S Vasudevan
Department of Urology and Renal Transplantation,Government Medical College, Kottayam, Kerala

Corresponding Author: Dr. S Vasudevan, Additional Professor, Department of Urology and Renal Transplantation, Government Medical College, Kottayam, Kerala. Email: periamana@gmail.com

Introduction

Socio Economic Rehabilitation is an important outcome parameter in successful organ transplant recipients particularly in developing countries with low income patients who have to depend on extraneous sources to fund the operation costs.1 It is an undisputed fact that the quality of life of a successful transplant recipient is much better than that of a patient on dialysis or poorly treated end stage renal failure patient. But often ethical questions are raised about the need for popularising such costly treatment protocols needing scarce public funding when basic public health issues like nutrition deficiencies, incomplete immunisation coverage, outbreak of communicable diseases keep occurring.2

Financing a transplant raises many concerns for patients and their families. The first step is developing a financial strategy figuring out how much money the insurance will bear. Most patients use a combination of sources. Most patients use the insurance coverage for the transplant procedure and other sources like savings and private funding for the medical and nonmedical costs of pre and post-transplantation. In this planning social workers can provide their advice.3 In developing countries the health insurance coverage is very poor with large sections vulnerable to the huge catastrophic expenses involved.1,12

Kerala experience

In the initial years the recipient patient and their families had to depend on social groupings to collect money for them from philanthropists to fund the evaluation procedures and the surgical procedures. Now many State Governments provide funding for hemodialysis and the transplant procedure to help these hapless families. The Kerala State Government has conceived the Karunya Benevolent Fund raised from the sale of Karunya lottery tickets to exclusively fund the treatment expenses of several chronic illnesses like cancer, burns, organ failure and transplantation. Karunya Benevolent Fund provides financial assistance to underprivileged patients suffering from serious ailments like cancer, hemophilia, serious kidney and cardiac aliments and for palliative care.4 The scheme operated by the Finance Department allots money based on recommendations from the treating physicians and is operable in Government hospitals and selected private hospitals.  The scheme allots assistance for both dialysis and renal transplant procedures in the form of allotments directly paid at the service point and not as money which could be misused. It is observed that this financial help has lifted a huge burden off the recipient family. Private enquiries have revealed that often other sources are not needed if the procedures take place in Government centres. Thus these families do not have to refuse transplant for financial reasons. In addition funds are available from the Chief Minister’s Fund, the local Member of Parliament’s Fund, and the local Member of Legislative Assembly’s Fund and from the Local Self Government institutions.
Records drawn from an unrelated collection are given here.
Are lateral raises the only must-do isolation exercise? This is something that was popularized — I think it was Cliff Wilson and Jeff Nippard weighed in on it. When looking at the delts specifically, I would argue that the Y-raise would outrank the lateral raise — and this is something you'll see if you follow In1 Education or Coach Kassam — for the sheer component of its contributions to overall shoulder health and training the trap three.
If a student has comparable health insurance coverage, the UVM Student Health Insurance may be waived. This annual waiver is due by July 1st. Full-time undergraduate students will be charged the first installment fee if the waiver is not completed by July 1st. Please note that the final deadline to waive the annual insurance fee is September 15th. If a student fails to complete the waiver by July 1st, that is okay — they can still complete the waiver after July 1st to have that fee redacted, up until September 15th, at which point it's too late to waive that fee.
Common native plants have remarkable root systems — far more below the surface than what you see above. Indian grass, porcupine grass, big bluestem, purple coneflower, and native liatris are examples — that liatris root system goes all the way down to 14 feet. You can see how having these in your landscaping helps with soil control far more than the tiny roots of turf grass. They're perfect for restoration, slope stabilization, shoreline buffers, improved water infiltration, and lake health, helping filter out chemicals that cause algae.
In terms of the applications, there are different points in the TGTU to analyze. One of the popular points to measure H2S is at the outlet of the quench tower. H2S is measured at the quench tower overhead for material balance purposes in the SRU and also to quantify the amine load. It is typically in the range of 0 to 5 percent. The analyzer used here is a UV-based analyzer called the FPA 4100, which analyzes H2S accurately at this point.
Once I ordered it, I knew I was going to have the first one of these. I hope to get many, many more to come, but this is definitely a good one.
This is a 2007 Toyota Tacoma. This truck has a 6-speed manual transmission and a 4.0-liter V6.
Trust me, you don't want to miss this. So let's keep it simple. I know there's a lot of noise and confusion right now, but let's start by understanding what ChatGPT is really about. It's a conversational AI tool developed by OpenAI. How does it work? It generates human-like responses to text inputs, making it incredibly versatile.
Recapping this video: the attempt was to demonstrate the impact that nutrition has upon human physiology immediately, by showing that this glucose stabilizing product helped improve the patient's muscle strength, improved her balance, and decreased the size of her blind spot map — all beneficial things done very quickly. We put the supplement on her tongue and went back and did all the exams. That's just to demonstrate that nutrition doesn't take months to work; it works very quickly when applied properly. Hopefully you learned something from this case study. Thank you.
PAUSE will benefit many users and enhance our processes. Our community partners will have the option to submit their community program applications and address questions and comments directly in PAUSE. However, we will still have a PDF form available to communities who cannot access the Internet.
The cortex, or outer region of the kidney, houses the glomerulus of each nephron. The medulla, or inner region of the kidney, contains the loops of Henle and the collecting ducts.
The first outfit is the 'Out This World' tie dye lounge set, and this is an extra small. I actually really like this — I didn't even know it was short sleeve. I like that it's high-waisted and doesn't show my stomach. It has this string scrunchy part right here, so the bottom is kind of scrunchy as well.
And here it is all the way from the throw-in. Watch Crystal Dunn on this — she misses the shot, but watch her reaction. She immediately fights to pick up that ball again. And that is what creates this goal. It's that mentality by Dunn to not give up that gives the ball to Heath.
Patient Assistance Program of the American Transplant Foundation offers two types of grants, one for the living donors and one for transplant recipients.5  The program is designed to provide lifesaving monetary assistance for the most vulnerable patients with significant financial hardship. This aims to provide support so that they will not be in financial hardship after giving the Gift of Life. The program provides emergency financial assistance grants to transplant recipients and living donors regardless of their legal status and is the only program available nationwide in USA.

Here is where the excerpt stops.